== TASK ITEM ==
Could you transcribe the entries below exactly, starting at the line that contains "Slide: The Image" and stopping at the last line, without any pictures?

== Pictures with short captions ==
== Segment start ==

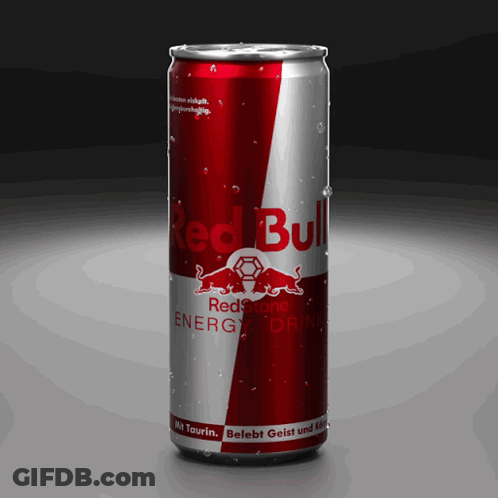 A Red And Silver Can Of Red Bull Energy Drink On A Black Background GIF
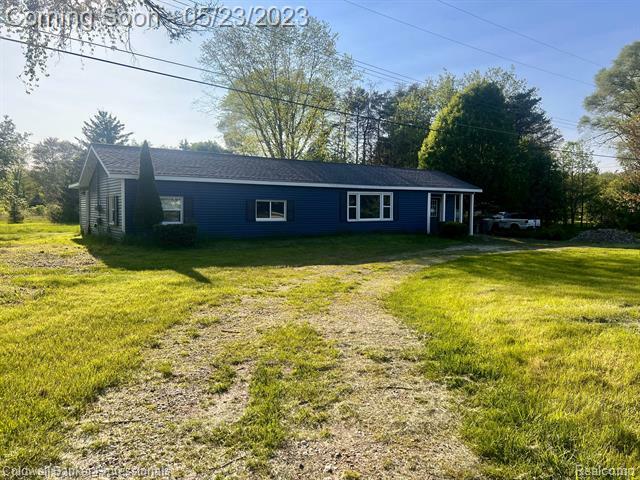Property Photo: 571 Heenan Drive MI 48446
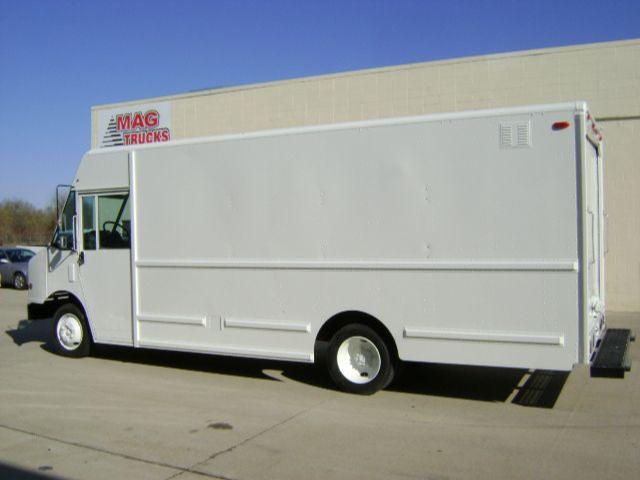 Box truck exterior side view showing a white Freightliner MT45 step van with MAG Trucks logo in background.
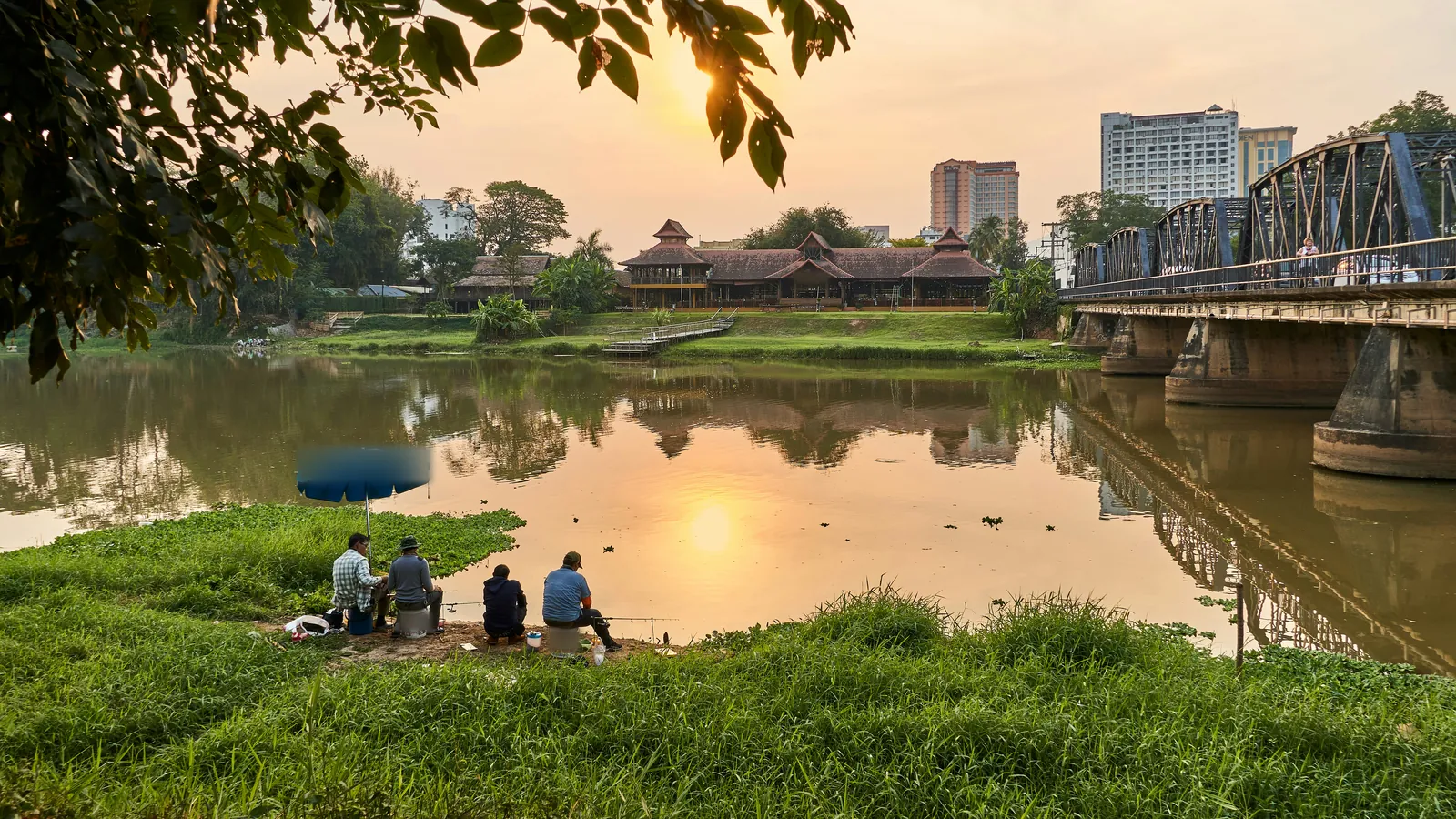 Four men sitting on stools and buckets on a grassy riverbank at sunset, fishing rods out, one under a blue umbrella, with the sun reflected in the brown water, an old steel bridge on the right and a long timber building across the river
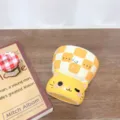Detailed close-up of a cute yellow cat ceramic mug featuring playful checkered patterns and text. - 300ml / Orange Kitten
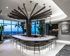 Elegant and modern lounge featuring a stylish bar counter with sleek barstools, artistic lighting design, and panoramic city views.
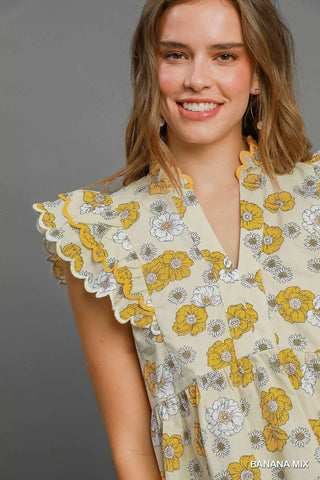 Floral print peplum top with scalloped sleeves and lined cotton fabric for women | JSQ Mercantile – a women’s boutique and gift shop in La Grange, IL.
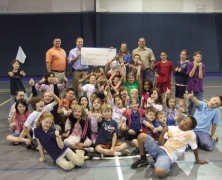 Walmart DC#6008 shows support for Boys and Girls Club of Benton County/Bella Vista Club by providing volunteer time and a $500 donation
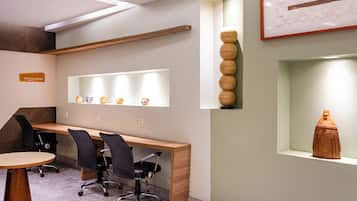 A modern reception area with a wooden desk, black office chairs, and a 'Business Center' sign.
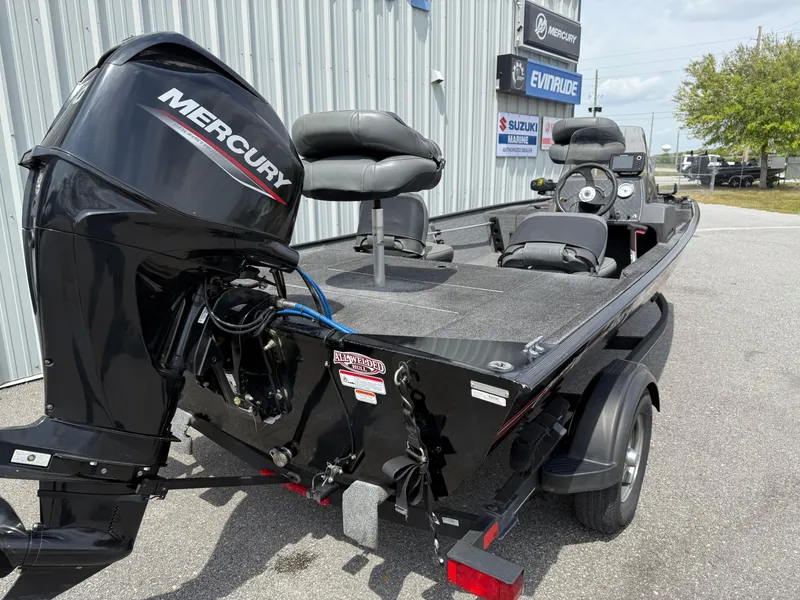 Slide: The Image of 2020 Bass Tracker Classic XL boat with Mercury engine, parked outdoors. - 10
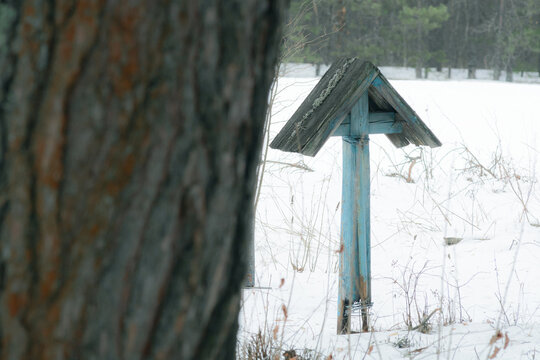 Wooden cross at abandoned cemetery in winter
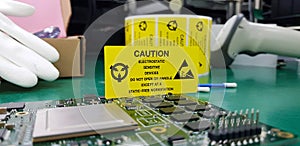 The yellow CAUTION label for Electrostatic Sensitive Devices ESD on static free workstation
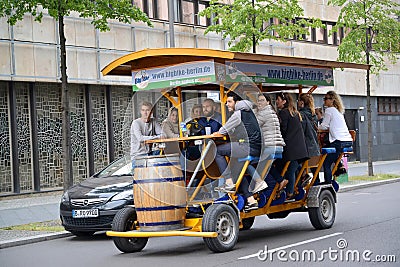 BERLIN, GERMANY. Young people in a beer bike ride down the street Editorial Stock Photo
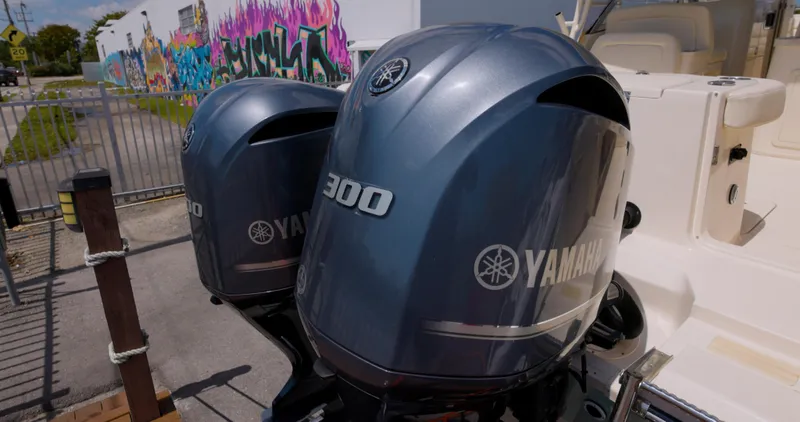  Yacht Photos Pics Twin Yamaha 300 engines on a 2018 Grady-White Freedom 307 boat, with colorful graffiti background.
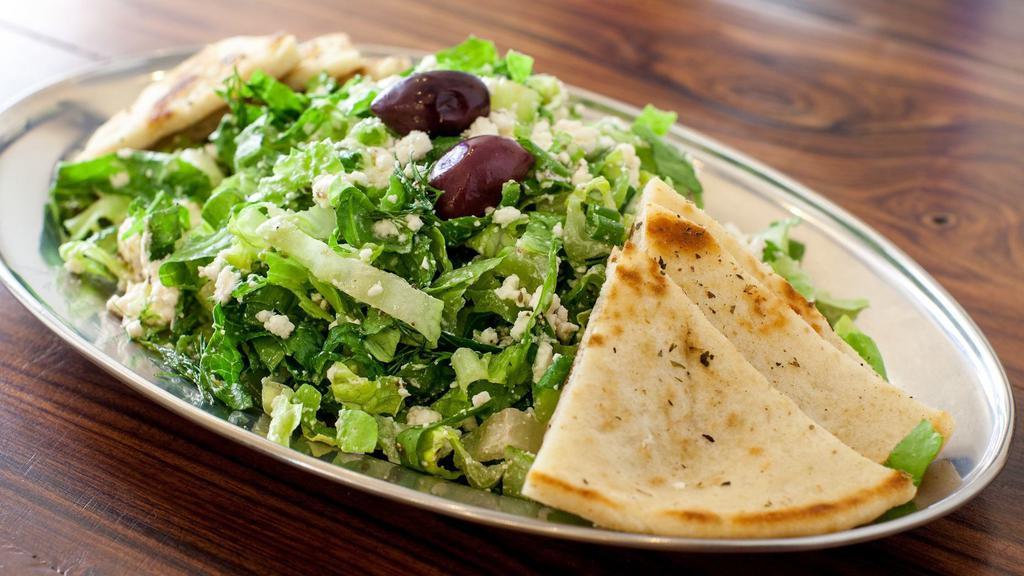 Prasini · Green salad with greens, scallions, dill, and crumbled feta.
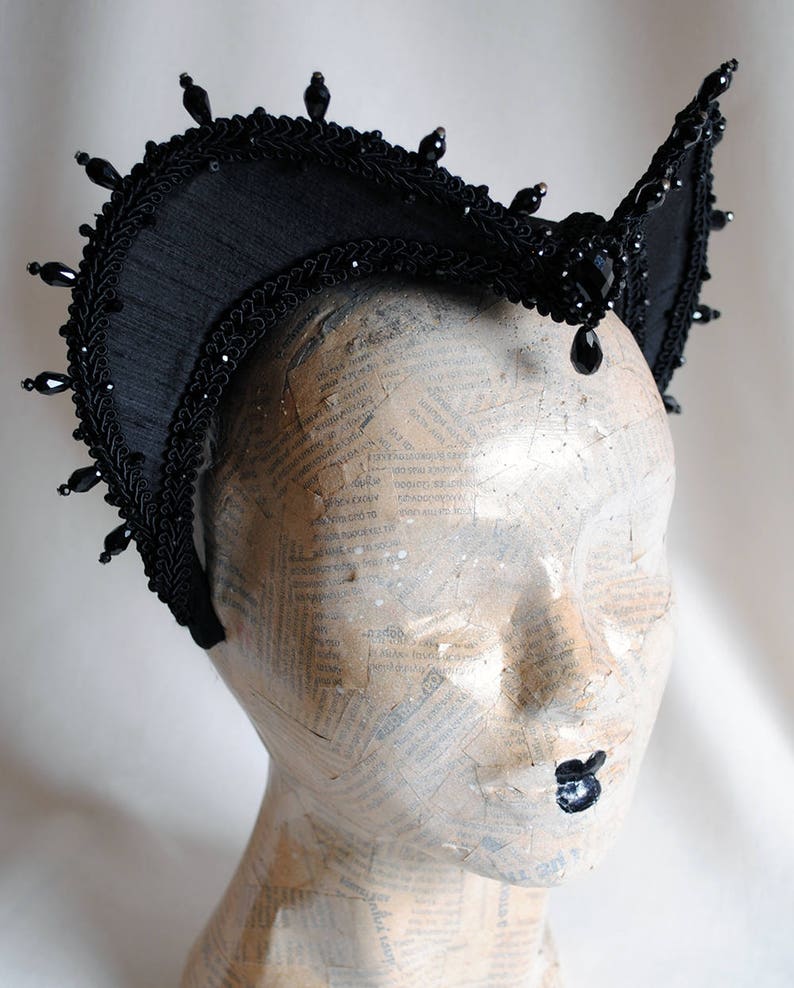 May include: A black headpiece featuring a high, arched structure with intricate braided trim and dangling black beads along the top edge. The piece is adorned with a central faceted black stone and smaller bead accents, creating a structured, crown-like appearance.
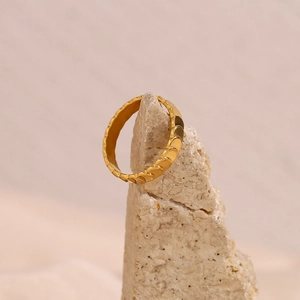 18K gold plated stainless steel ring with unique fish scale texture on a beige stone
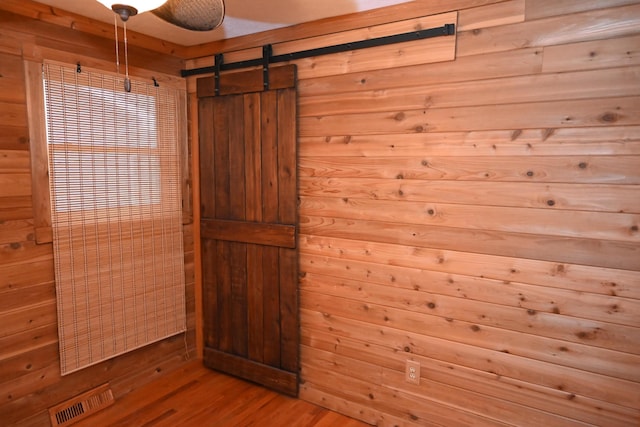 interior space featuring hardwood / wood-style flooring, a barn door, and wooden walls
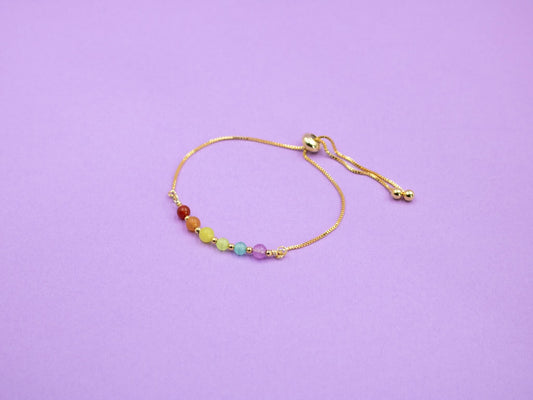 gold adjustable bracelet with gemstone beads in the colours of the LGBTQIA flag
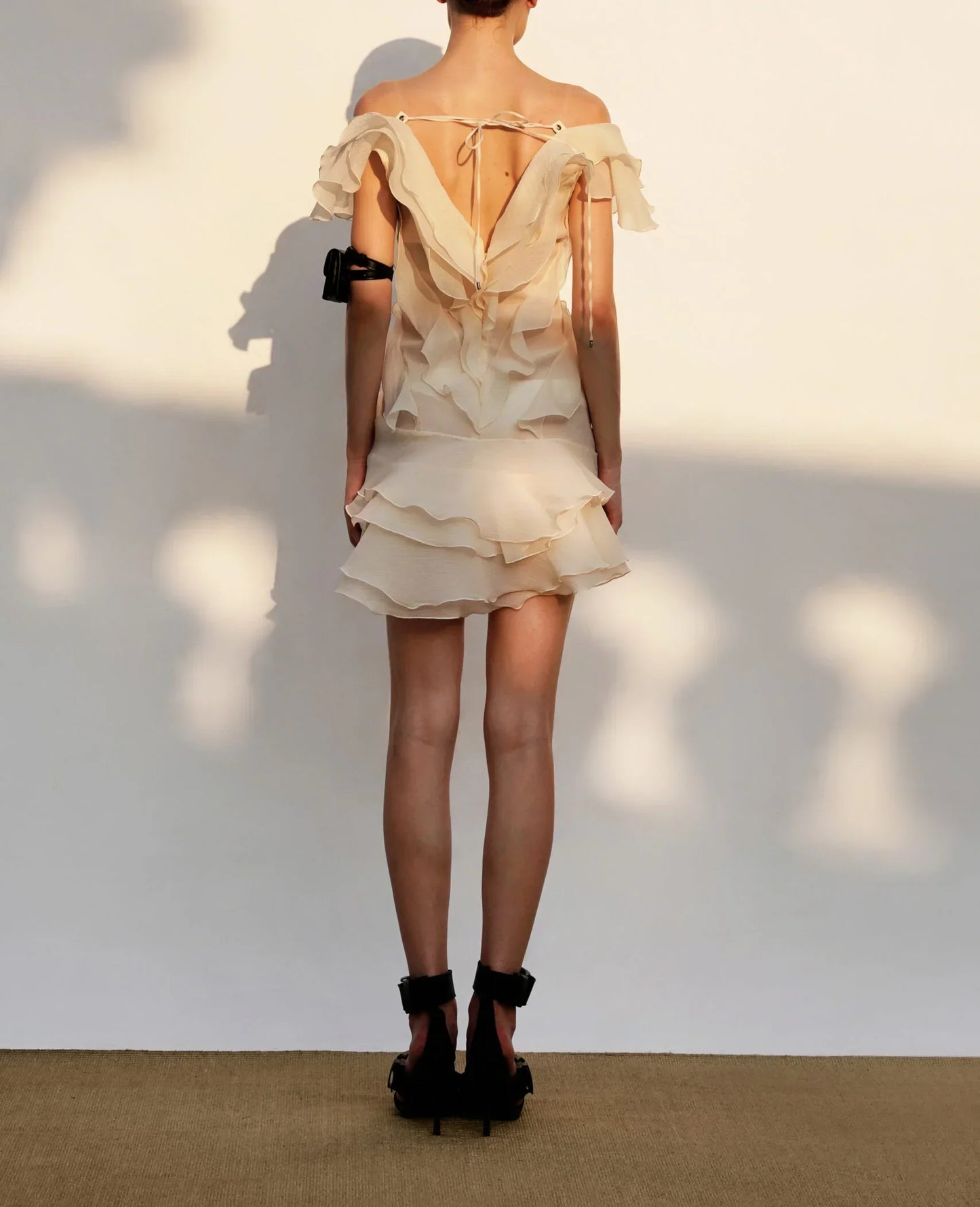 Woman wearing a beige ruffled dress with black shoes against a white wall.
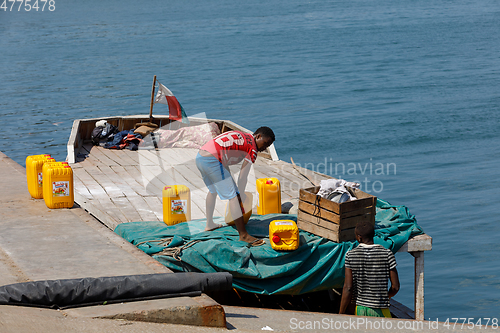 Image of Malagasy men transport cargo from ship in port of Nosy Be, Madag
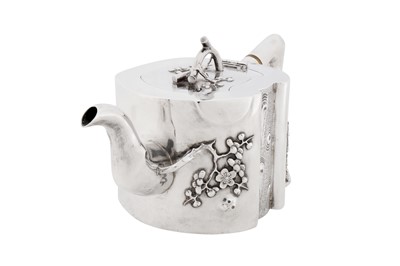 Lot 102 - A late 19th / early 20th century Chinese export silver three-piece tea service, Canton or Shanghai circa 1900, marked Qi Xiang, retailed by Pao Kuang of Hong Kong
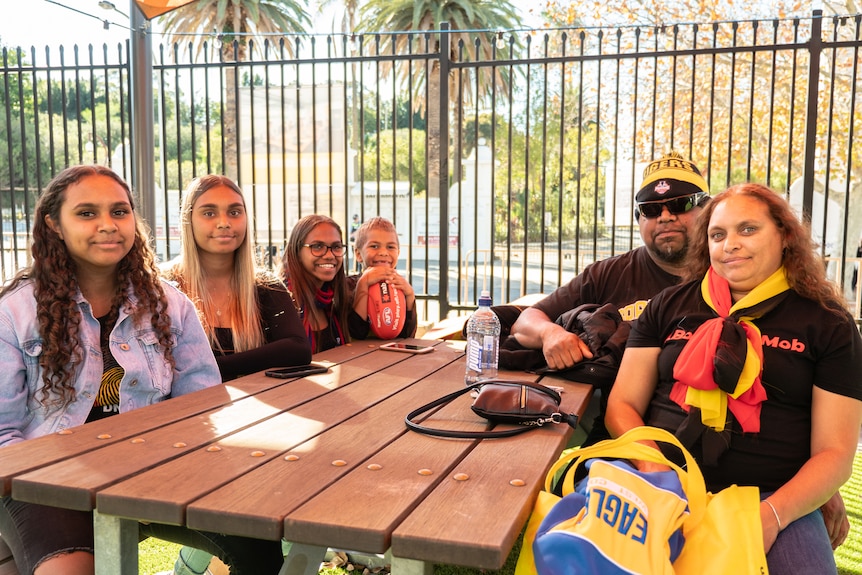 An Indigenous family sitting at a table wearing footy gear ahead of the Long Walk in Perth.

== Segment end ==

== RESPONSE FOR THIS EXERCISE ==
 Slide: The Image of 2020 Bass Tracker Classic XL boat with Mercury engine, parked outdoors. - 10
 Wooden cross at abandoned cemetery in winter
 The yellow CAUTION label for Electrostatic Sensitive Devices ESD on static free workstation
 BERLIN, GERMANY. Young people in a beer bike ride down the street Editorial Stock Photo
  Yacht Photos Pics Twin Yamaha 300 engines on a 2018 Grady-White Freedom 307 boat, with colorful graffiti background.
 Prasini · Green salad with greens, scallions, dill, and crumbled feta.
 May include: A black headpiece featuring a high, arched structure with intricate braided trim and dangling black beads along the top edge. The piece is adorned with a central faceted black stone and smaller bead accents, creating a structured, crown-like appearance.
 18K gold plated stainless steel ring with unique fish scale texture on a beige stone
 interior space featuring hardwood / wood-style flooring, a barn door, and wooden walls
 gold adjustable bracelet with gemstone beads in the colours of the LGBTQIA flag
 Woman wearing a beige ruffled dress with black shoes against a white wall.
 Image of Malagasy men transport cargo from ship in port of Nosy Be, Madag
 Lot 102 - A late 19th / early 20th century Chinese export silver three-piece tea service, Canton or Shanghai circa 1900, marked Qi Xiang, retailed by Pao Kuang of Hong Kong
 An Indigenous family sitting at a table wearing footy gear ahead of the Long Walk in Perth.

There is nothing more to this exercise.